A day off in Jiayuguan was very welcome for both of us. On our ride the previous day we had endured multiple sets of road works, three punctures caused by tiny pieces of metal from truck tire blowouts, gale force winds and the expressway becoming increasingly busy with huge trucks that thundered by incessantly. We had no desire to get straight back on our bikes the next day.
We instead spent the time doing far too much exercise for a rest day, exploring the Jiayuguan Fort and climbing up a section of the Great Wall known as the Overhanging Great Wall. This was as far West as the Great Wall ever went and marked the end of Imperial China. It was from here that exiles were banished into the desolate barbarian lands beyond. Our legs complained vigorously about the climbing of hundreds of steps as we walked atop the wall as it wound its way up a rocky cliff, but it was incredible to stand there looking out over the desert as millions of soldiers would have done at one time or another; waiting for vast Mongol armies to appear on the horizon.

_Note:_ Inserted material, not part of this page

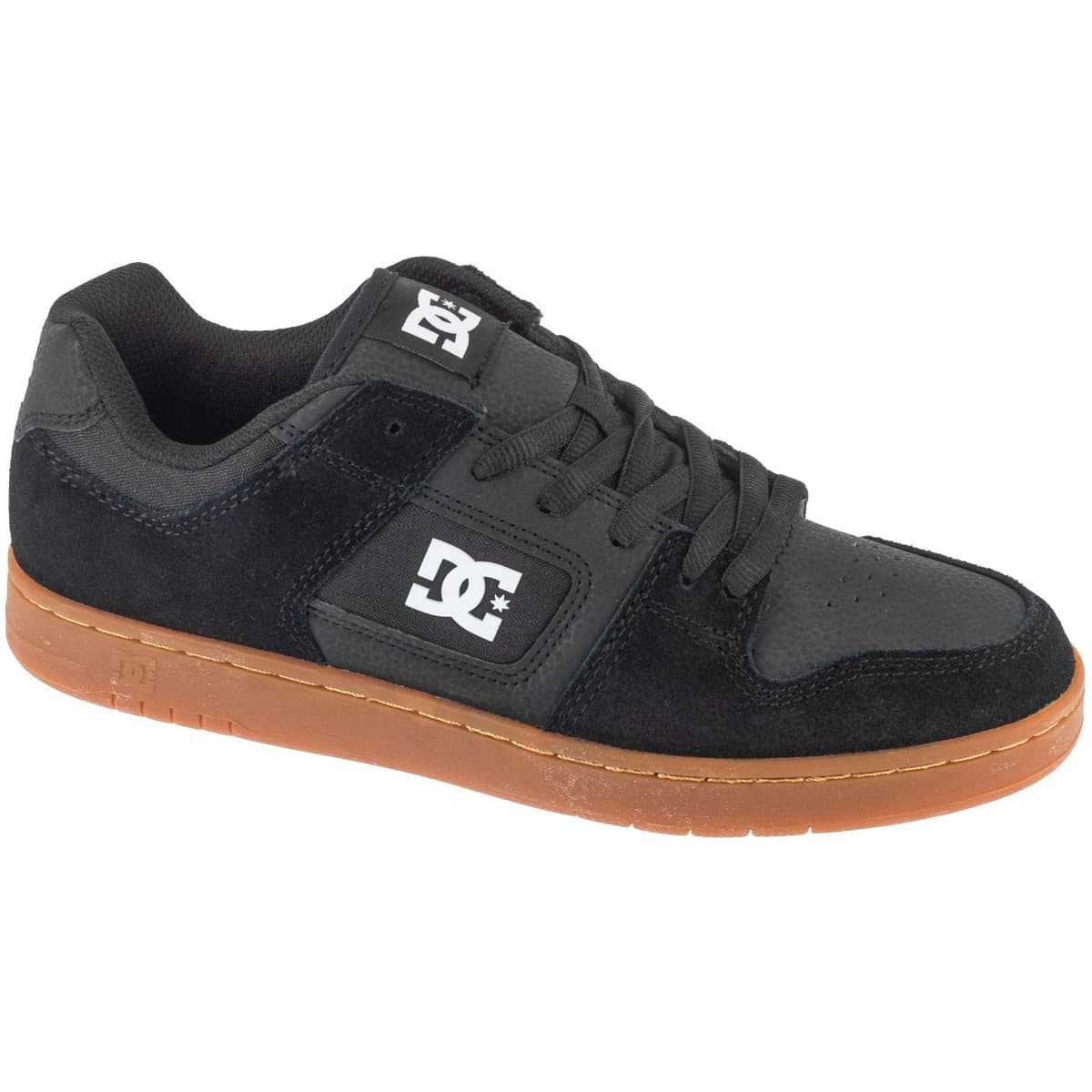 Men's Sneakers DC Shoes Black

This section of the Wall (like many other sections) has been heavily reconstructed and although it was great to see, we were actually more amazed when we cycled onwards from here and noticed that we were following the path of the Wall. We cycled along next to unrestored sections for hundreds of kilometres and it was only then that we really felt an appreciation for how truly immense it was and what a huge effort it must have taken to build, man, and maintain (although maintenance is clearly low on the agenda now).
From Jiayuguan we cycled on the G312, a national highway, as we had had enough of the expressway for the time being. We were immediately pleased with our decision as the road took us through endless villages and farmland – there was always something interesting to look at whereas on the expressway there was just the odd service station to break up the monotony of the desert.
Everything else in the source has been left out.